If you've ever wondered why so many of the dinosaurs we know about date from oddly specific time periods--say, 70 to 65 million years ago--the answer lies in formations like Hell Creek, whose sediments date from the late Cretaceous period, right before the dinosaurs went extinct. Discovered in 1902 by the famous paleontologist Barnum Brown, Hell Creek has yielded dozens of genuses of dinosaurs, of all varieties, including ceratopsians, hadrosaurs, ankylosaurs, ornithomimids and pachycephalosaurs.
What did Hell Creek look like 70 million years ago? Based on the relatively small dinosaurs that lived there (this part of North America wasn't exactly a hotbed of sauropods or tyrannosaurs), it seems likely that the area was thickly forested, which would have imposed natural size limits on its inhabitants.
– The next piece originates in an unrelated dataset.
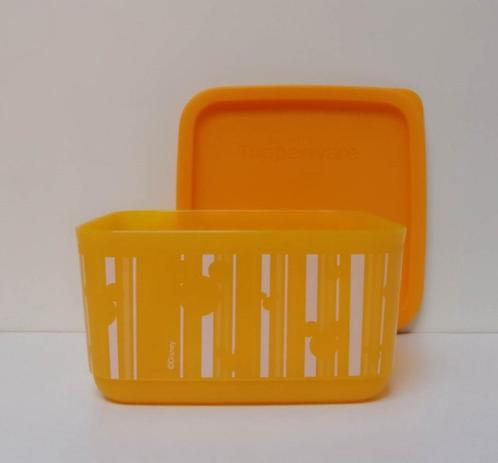 Tupperware™ « Cubixbox Disney - Mickey » 650 ml - geel, Huis en Inrichting, Keuken | Tupperware, Nieuw, Bus of Trommel, Geel, Wit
This conclusion is supported by the non-dinosaur fossils that have been found in Hell Creek, including the remains of tortoises, monitor lizards, and tree-dwelling mammals.
Hell Creek is famous for a reason besides its fossils: the iridium deposits in its uppermost layer of sediment offer firm support for the hypothesis that a meteor impact 65 million years ago caused the extinction of the dinosaurs. Some paleontologists have interpreted the rock evidence as showing that some hardy dinosaurs survived for a couple of million years after the impact, but this theory doesn't have wide support.